=== Excerpted data ===

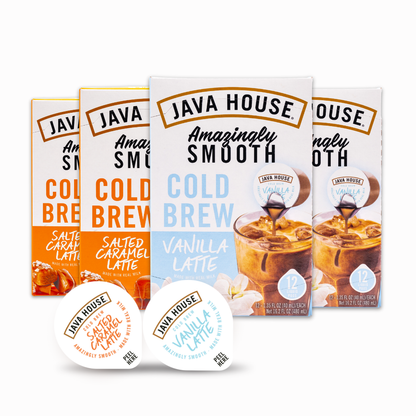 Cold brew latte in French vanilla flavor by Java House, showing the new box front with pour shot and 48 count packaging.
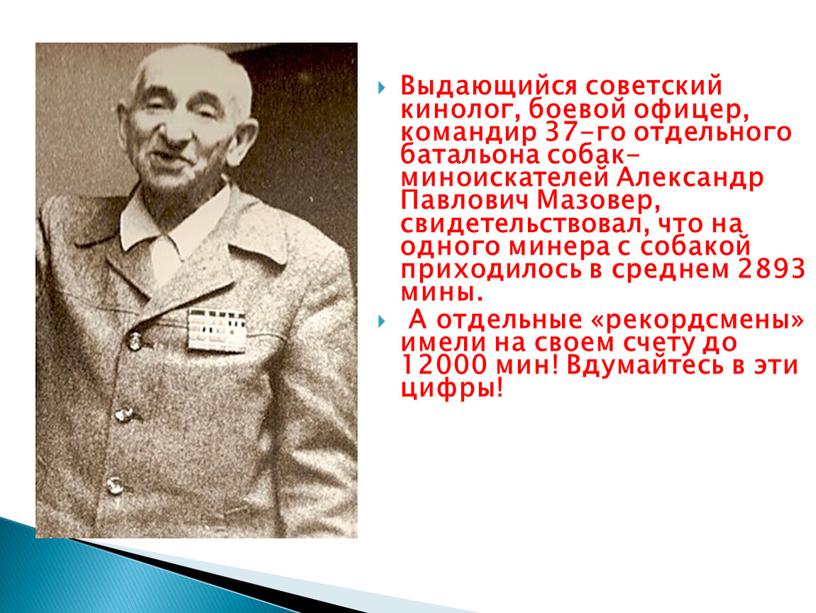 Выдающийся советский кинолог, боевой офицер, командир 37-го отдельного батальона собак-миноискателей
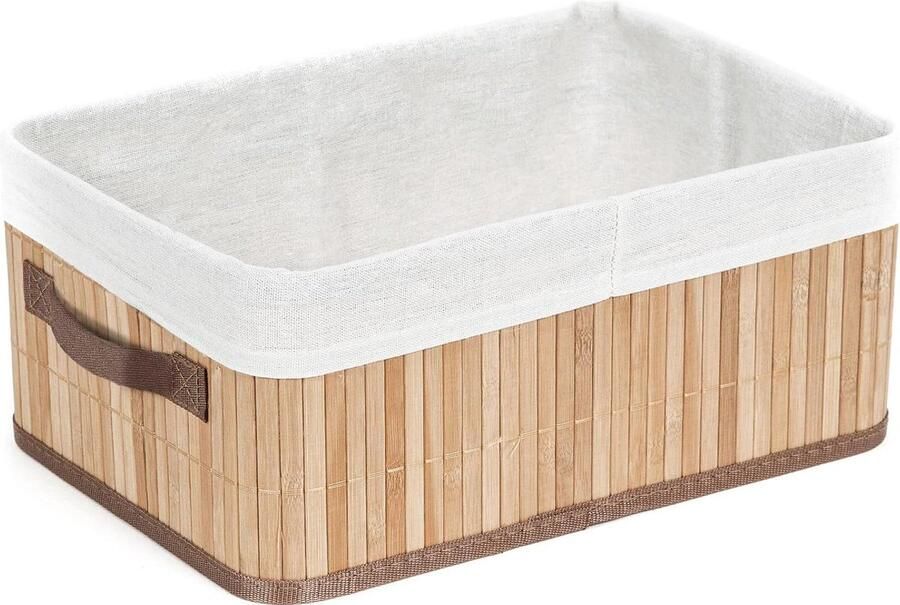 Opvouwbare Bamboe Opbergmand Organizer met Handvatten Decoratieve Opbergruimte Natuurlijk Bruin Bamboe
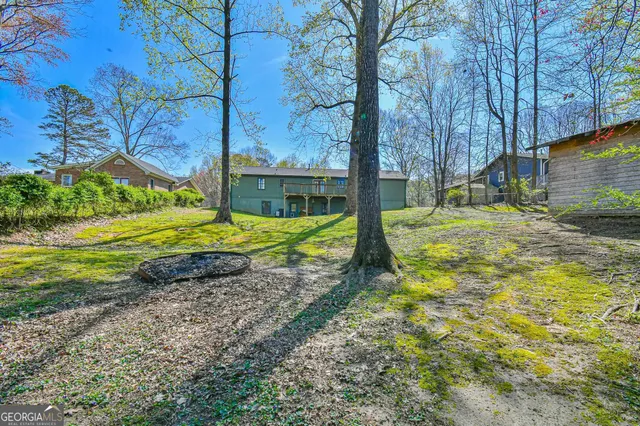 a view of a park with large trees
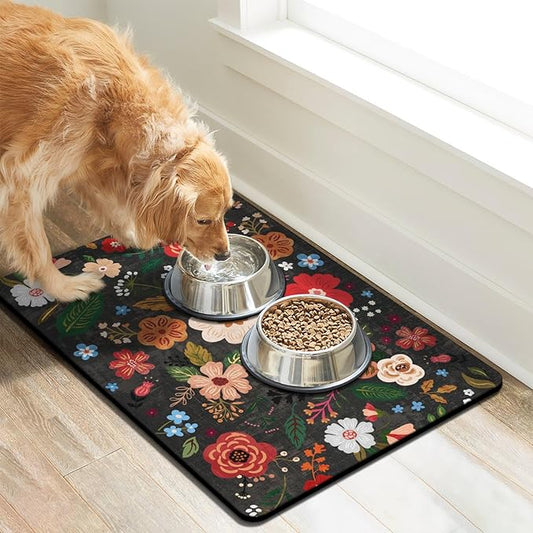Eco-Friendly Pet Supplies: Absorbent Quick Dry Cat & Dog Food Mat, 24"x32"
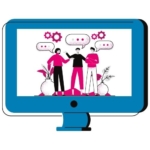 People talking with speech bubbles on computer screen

===

Brief ▸ Do not include pictures. Copy only the lines running from the line with "a view of a park with large trees" through the last line of the records, exactly as they appear.

Result ▸
 a view of a park with large trees
Eco-Friendly Pet Supplies: Absorbent Quick Dry Cat & Dog Food Mat, 24"x32"
 People talking with speech bubbles on computer screen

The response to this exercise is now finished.